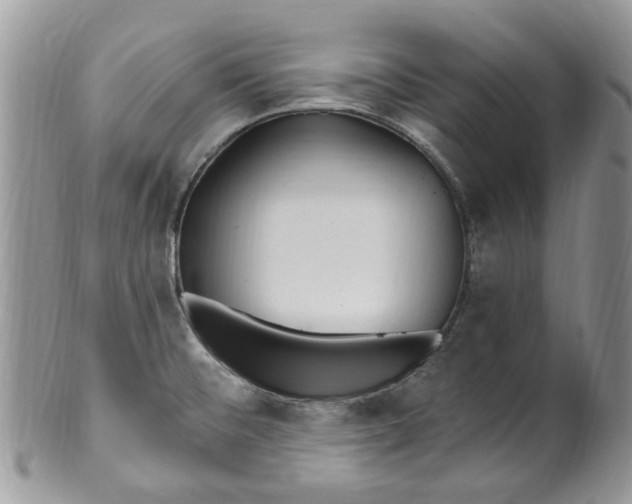 X0000099971476200806131521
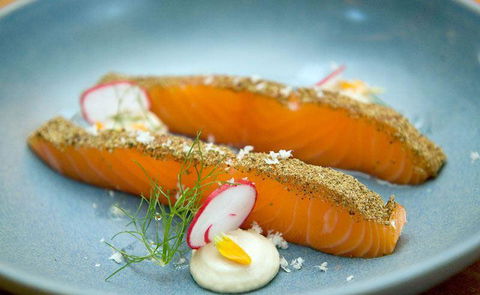 The Shed Cafe Hurstville - Pubs Sydney 9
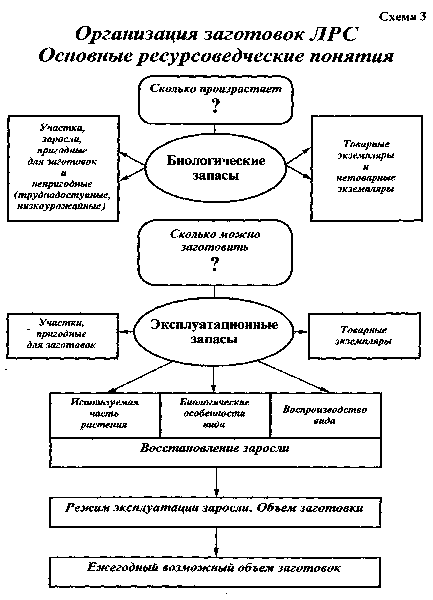 Схема товароведческого анализа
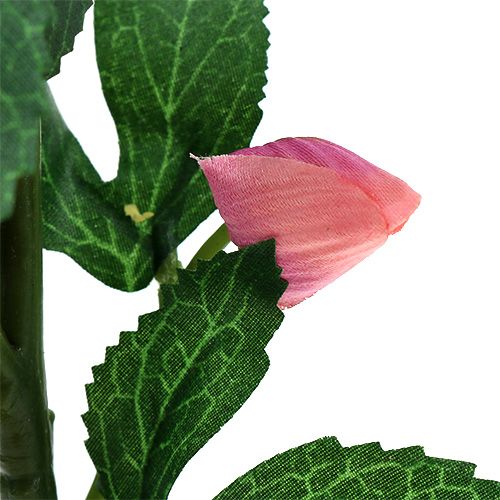 Floristik24 Julrosrosa L22cm 1p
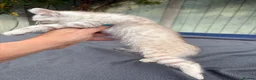 Keetso cats for sale: Awesome litter of polydactyl snow leopard Keetsos  - Advert 14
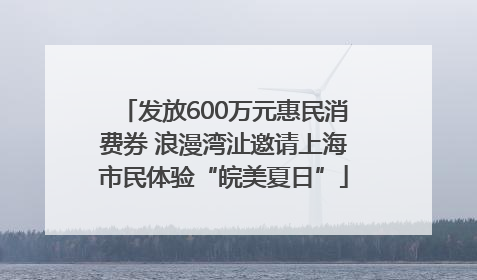 发放600万元惠民消费券 浪漫湾沚邀请上海市民体验“皖美夏日”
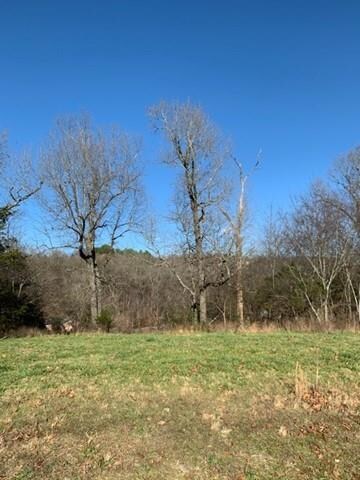 0 Park Ridge Dr, Township 2, AR 72745 - photo 2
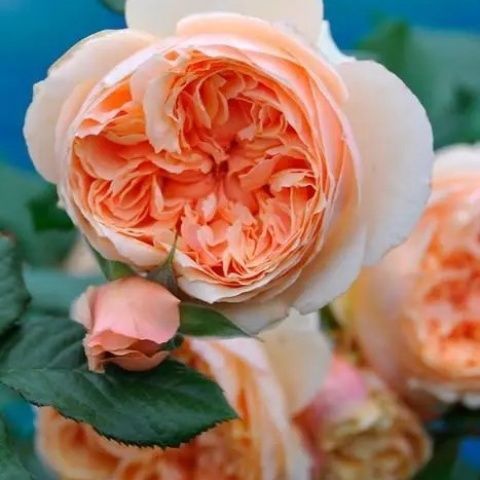 真宙月季耐热抗性佳多季庭院花卉盆栽植物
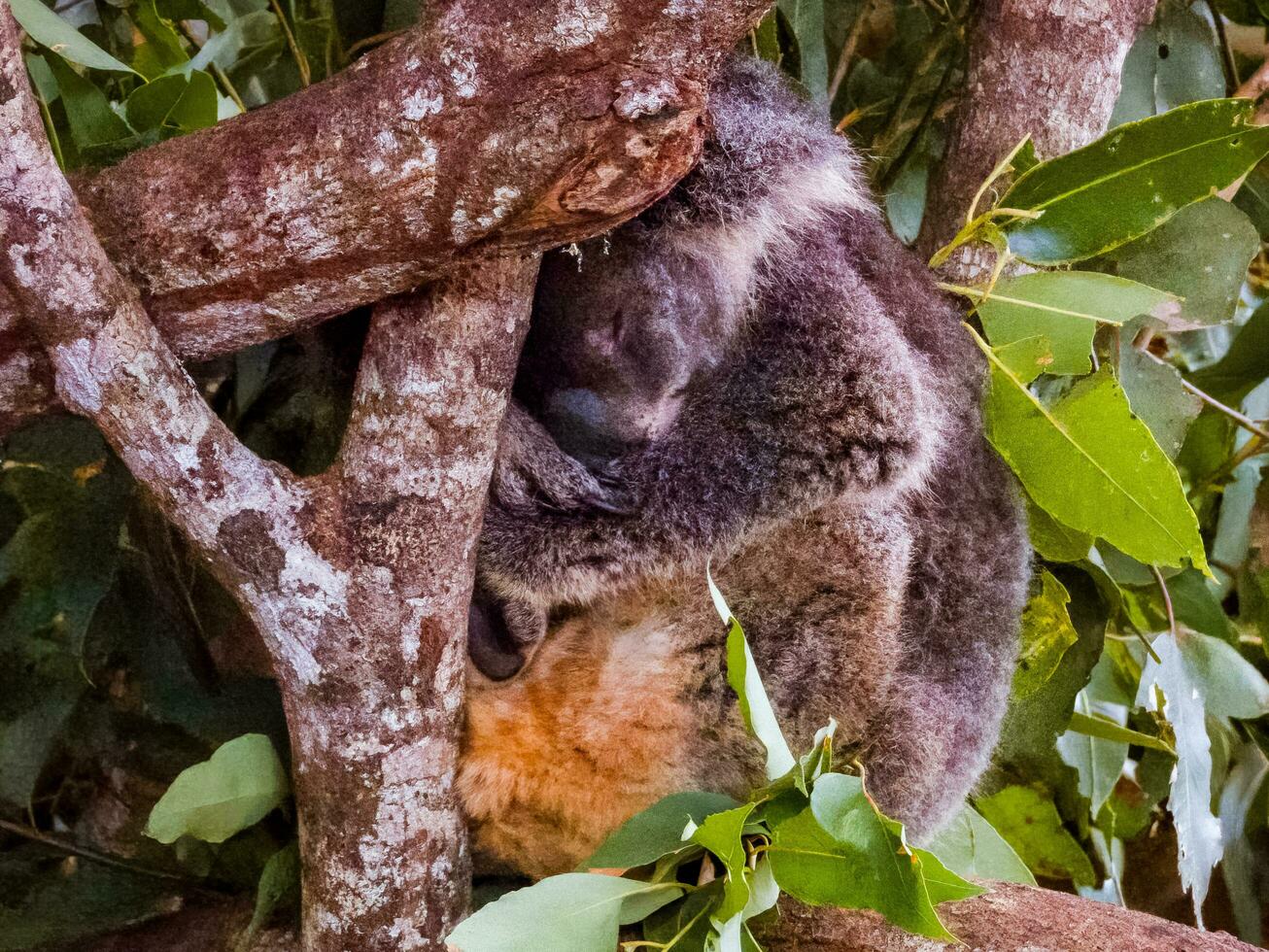 coala oso en Australia foto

[What the exercise asks] Omit each picture, then return all of the listing exactly as it stands.

[Solution to the exercise]
 X0000099971476200806131521
 The Shed Cafe Hurstville - Pubs Sydney 9
 Схема товароведческого анализа
 Floristik24 Julrosrosa L22cm 1p
 Keetso cats for sale: Awesome litter of polydactyl snow leopard Keetsos  - Advert 14
 发放600万元惠民消费券 浪漫湾沚邀请上海市民体验“皖美夏日”
 0 Park Ridge Dr, Township 2, AR 72745 - photo 2
 真宙月季耐热抗性佳多季庭院花卉盆栽植物
 coala oso en Australia foto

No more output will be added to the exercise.